***** Supplied material *****
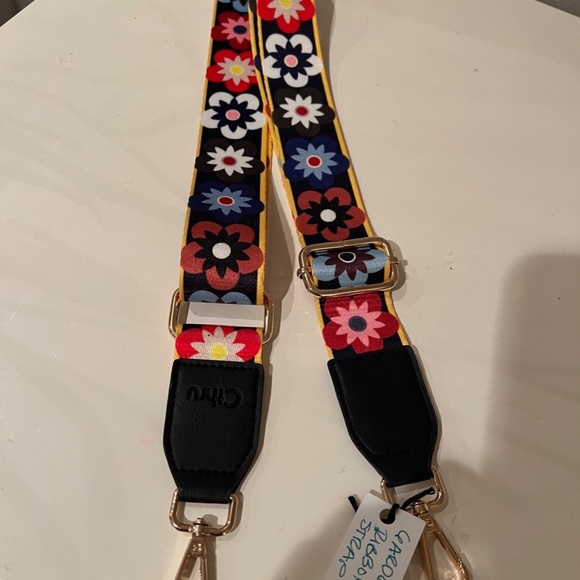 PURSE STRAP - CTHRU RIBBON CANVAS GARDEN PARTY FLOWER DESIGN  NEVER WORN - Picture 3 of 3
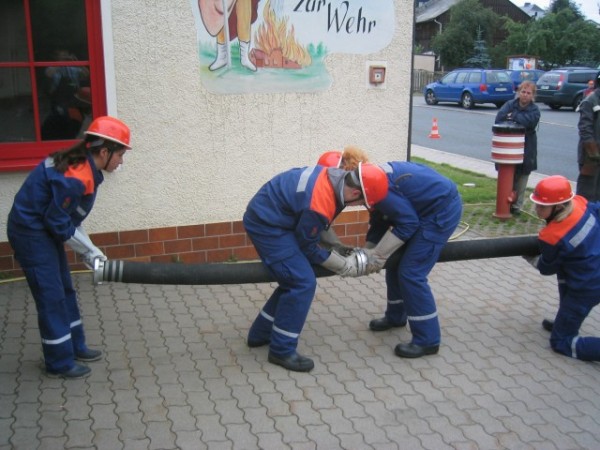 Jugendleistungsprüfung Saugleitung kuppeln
*****
***** Supplied material *****
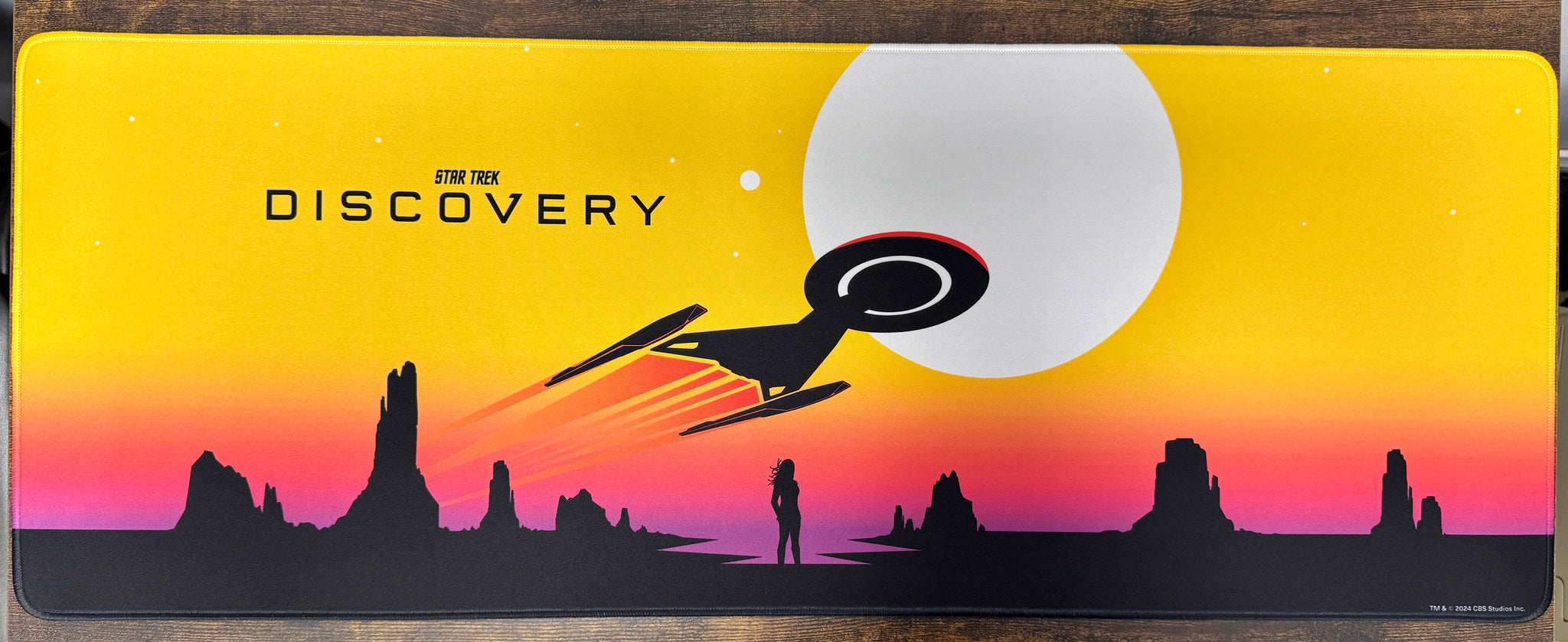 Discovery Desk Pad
*****
• [Action item]
Return the lines above from the one with "PURSE STRAP - CTHRU" through the one with "Jugendleistungsprüfung Saugleitung kuppeln", verbatim and nothing else. Omit every picture.

• [Solution for this exercise]
 PURSE STRAP - CTHRU RIBBON CANVAS GARDEN PARTY FLOWER DESIGN  NEVER WORN - Picture 3 of 3
 Jugendleistungsprüfung Saugleitung kuppeln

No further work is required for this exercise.